• _BRIEF_
Locate "Property floorplan" in the listing. Transcribe the line that contains it and every line that follows, through the last, omitting all pictures.

• _SUPPLIED DATA_

= Beginning of Section =

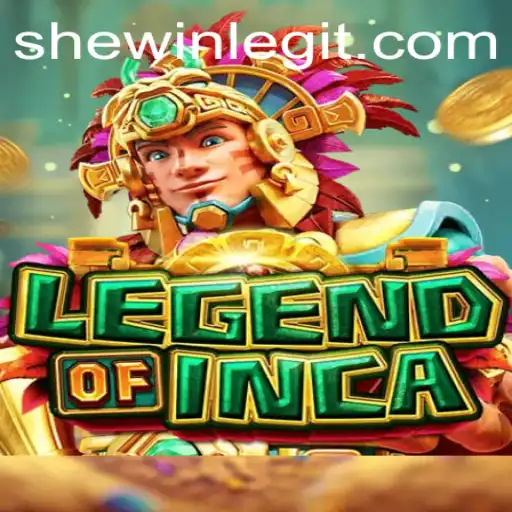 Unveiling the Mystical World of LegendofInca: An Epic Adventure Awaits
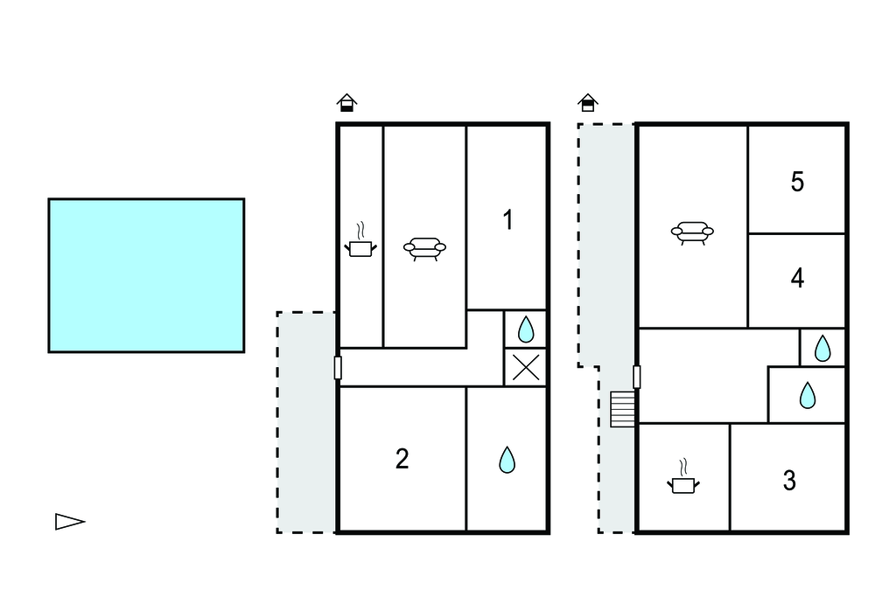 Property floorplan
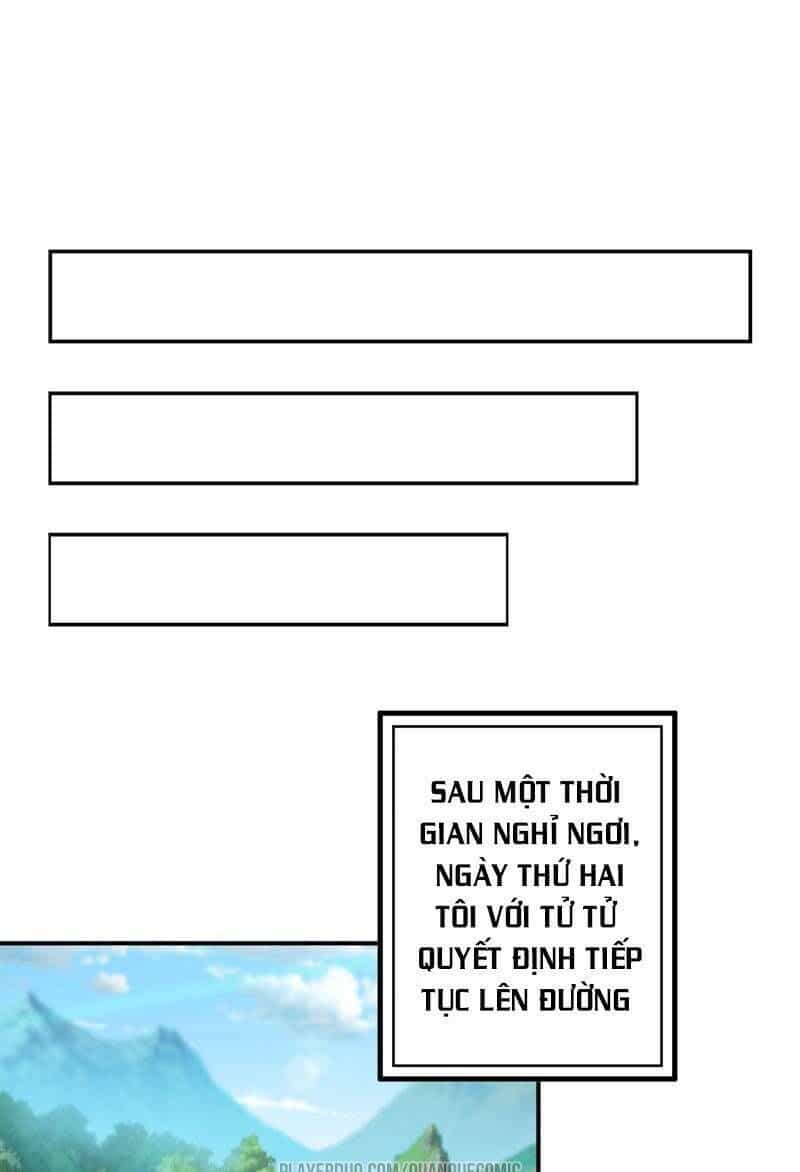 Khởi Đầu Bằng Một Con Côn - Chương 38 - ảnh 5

= End of Section =

• _RESULT OF THIS EXERCISE_
 Property floorplan
 Khởi Đầu Bằng Một Con Côn - Chương 38 - ảnh 5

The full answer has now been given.